Violence, racisme. Paris : le drame est arrivé

30 décembre 2008 à 15h45

Un policier martiniquais a tué par balle un supporter parisien et en a blessé un autre jeudi soir à Paris, à l'issue du match Hapoël de Tel-Aviv - PSG, en secourant un spectateur juif pris à partie par des ultras. Un drame soulignant une nouvelle fois le racisme et la violence de certains « fans » de foot.

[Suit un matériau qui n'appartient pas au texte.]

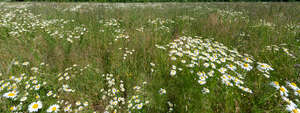 meadow full of blooming daisies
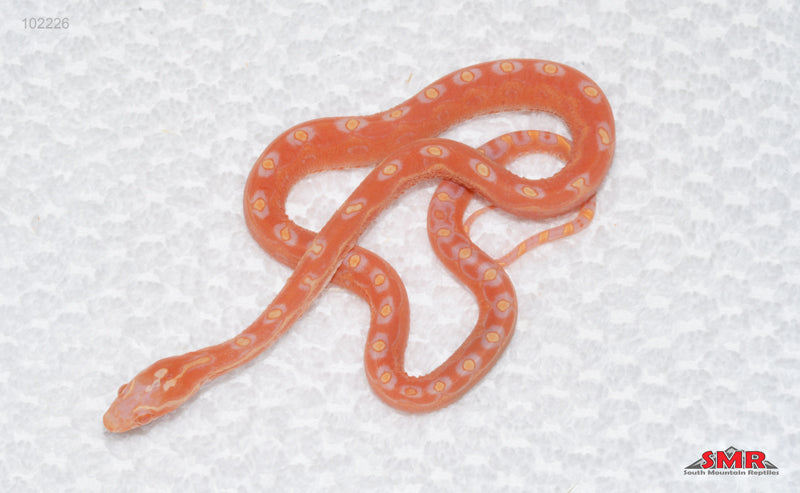 Scaleless Reverse Okeetee - male
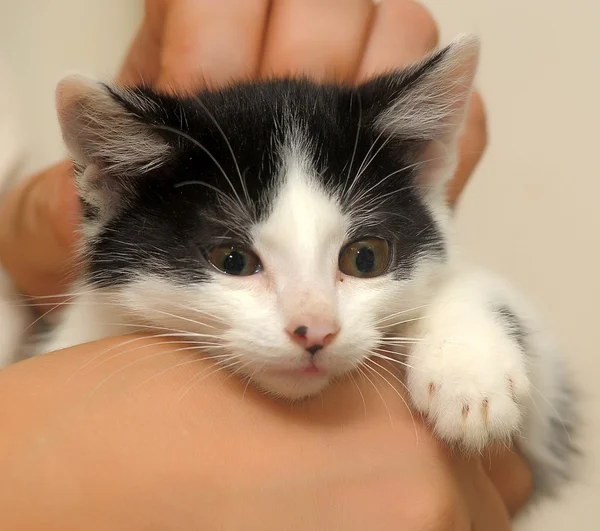 Piccolo gattino — Foto Stock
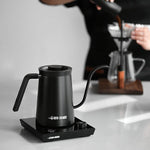 Assassin electric pour over kettle 220v-1200w-600ml-CN-black - MHW-3BOMBER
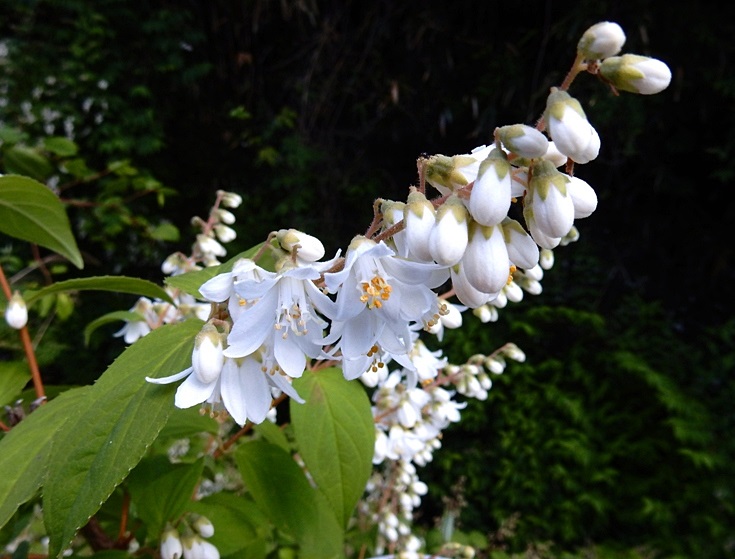 白い花いろいろ その２ 17年6月 ジュラのお散歩花日記 楽天ブログ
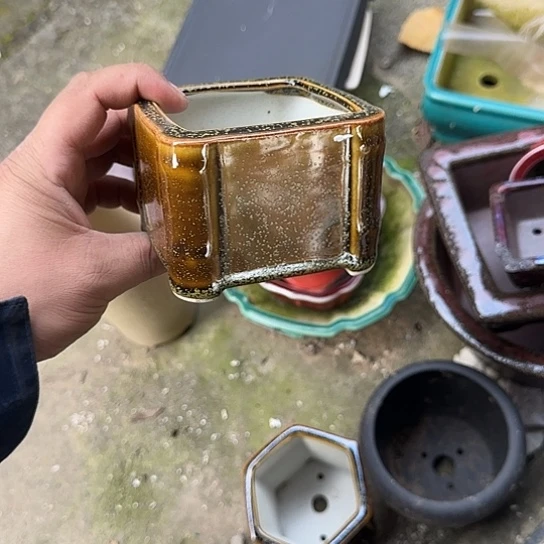 我想说我们也没见他说你没来
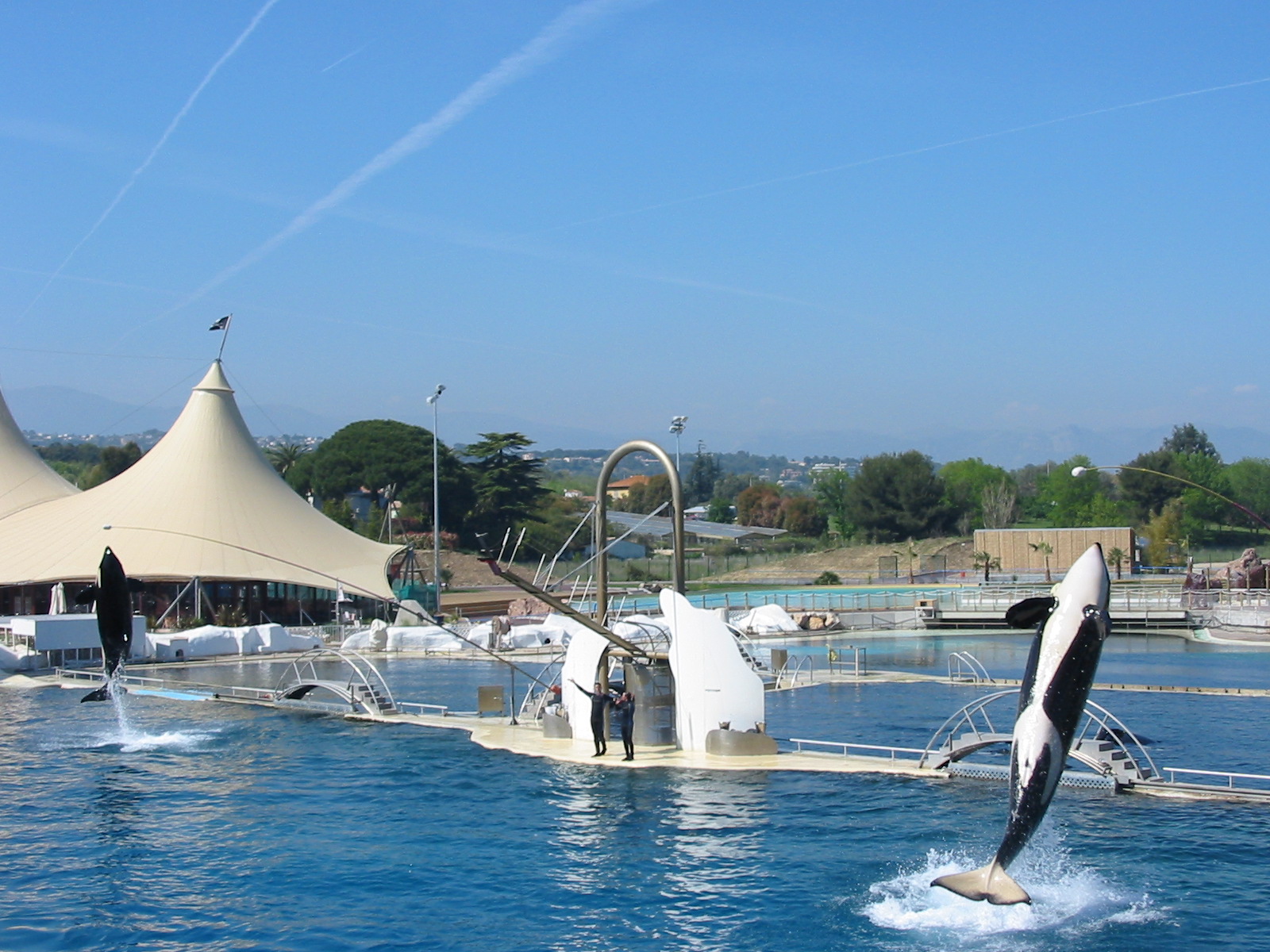 Marineland Antibes 2005 - Killer Whale Stadium show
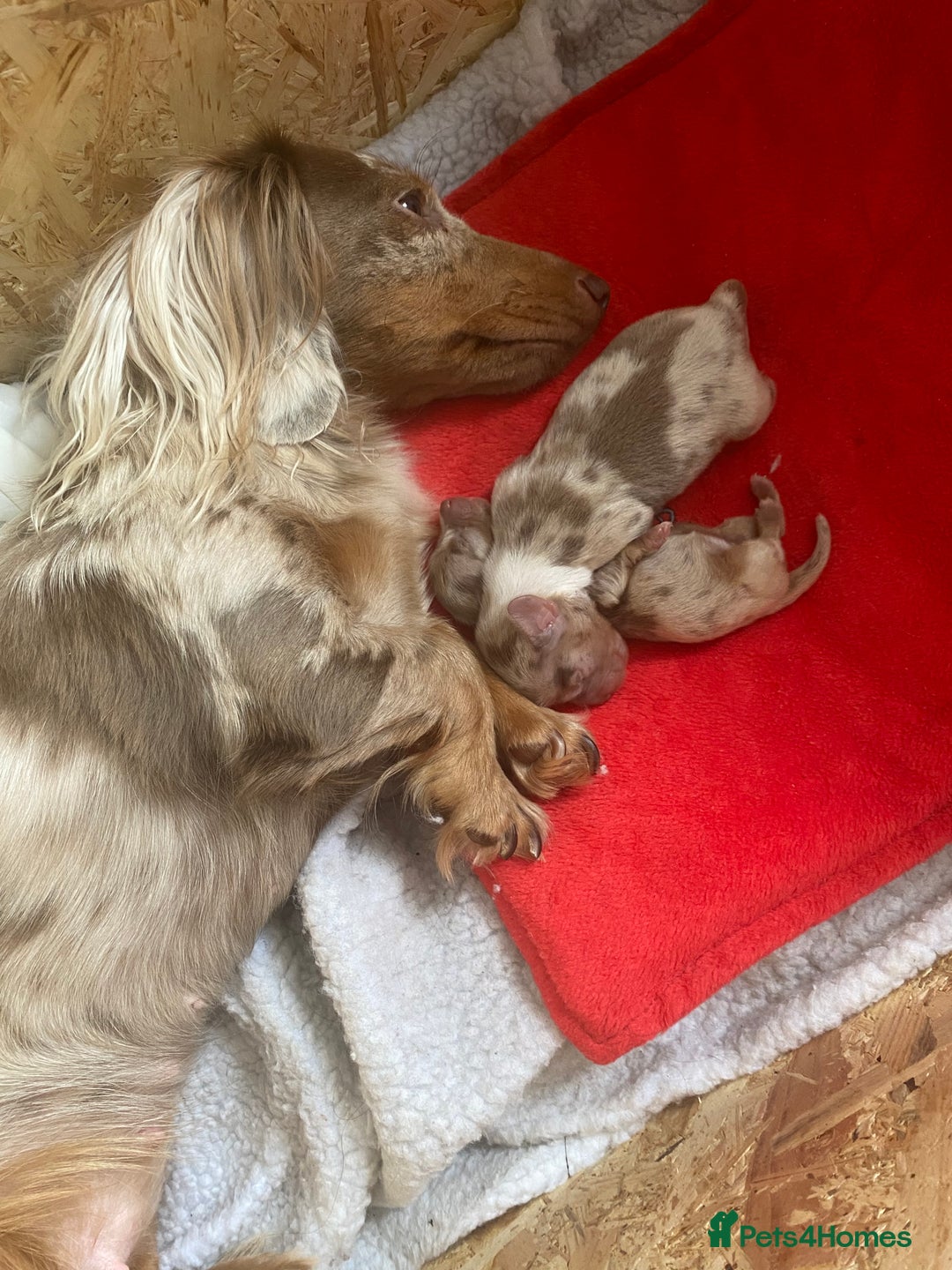 Miniature Dachshund dogs for sale: long haired miniature isabella dapple puppies  - Image 4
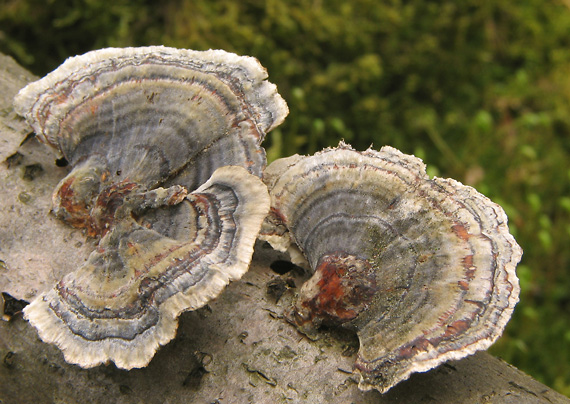 trúdnikovec pestrý Trametes versicolor (L.) Lloyd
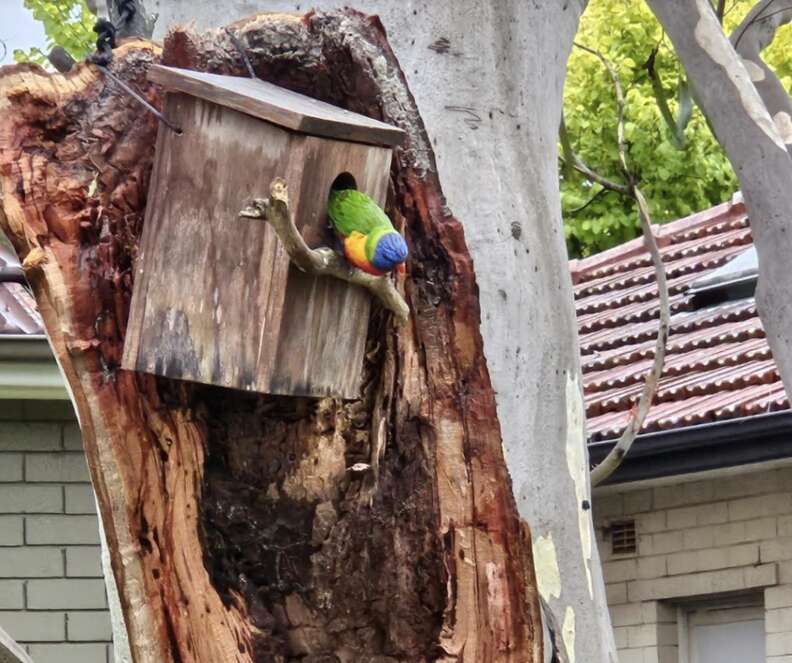 bird in bird box 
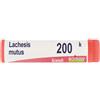 Boiron Lachesis Mutus 200k Globuli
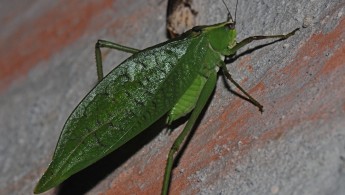 Tandayapa Bush-cricket 02 (Tettigoniidae)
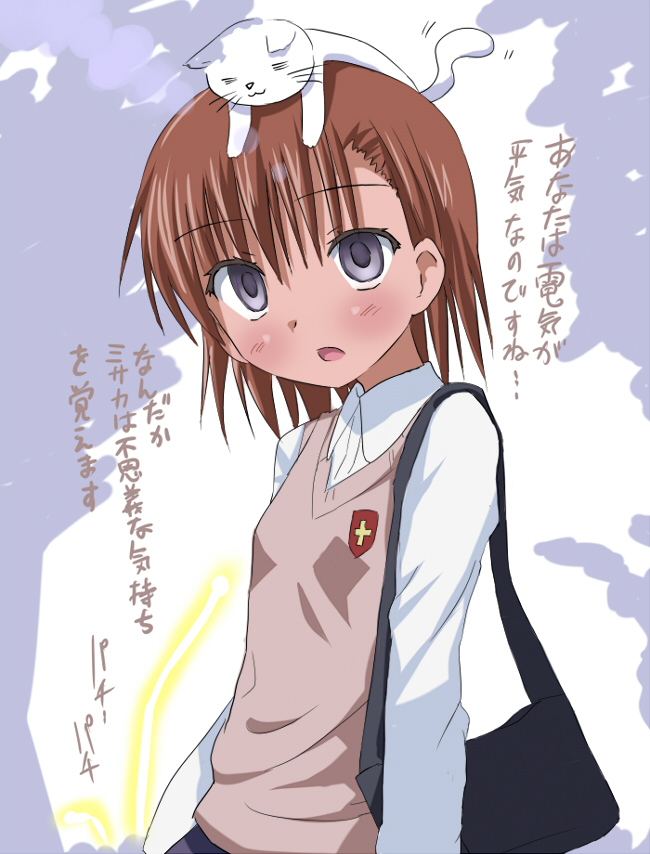 shiro tele cus, misaka imouto, toaru majutsu no index, translation request, 00s, bag, blush, brown hair, cat, handbag, purple eyes, school uniform, short hair, solo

Il a donc fallu en arriver là. A la mort d'un jeune homme de 25 ans, à la grave blessure d'un autre... Il a fallu en arriver là alors que tous les clignotants, depuis longtemps, avaient viré au rouge. Il suffit d'avoir été un jour de match du Paris SG du côté de la Porte d'Auteuil pour comprendre que, malgré les mesures de sécurité prises ces dernières années, cette mort a un côté inéluctable. Comment ne pas y avoir songé à la vue de ces hordes folles qui, tout d'un coup, bloquent la circulation et s'amusent de voir leurs éléments les plus incontrôlés et incontrôlables escalader les capots des véhicules et sauter d'une voiture à l'autre sans que personne ne bouge le moindre petit doigt ? Comment ne pas imaginer qu'un jour, cela tourne au drame ? Haine, racisme, bêtise, sentiment d'impunité lié au groupe... Autant d'ingrédients qui conduisent à la pire des conclusions : la mort. Alors, bien sûr qu'il faut être encore plus dur à l'égard des groupuscules qui pourrissent les stades et leurs abords. Bien sûr... Mais ne faudrait-il pas aussi que les clubs et leurs dirigeants s'investissent dans la prévention et l'éducation ? Pourquoi pas une école des supporters ? Reste cette mort, terrible. Puisse-t-elle faire réfléchir. Puisse-t-elle faire peur à ceux qui, plus près de nous, ne scandent peut-être pas des slogans racistes ou antisémites, mais des insanités qui en découragent plus d'un d'envoyer leurs enfants au stade.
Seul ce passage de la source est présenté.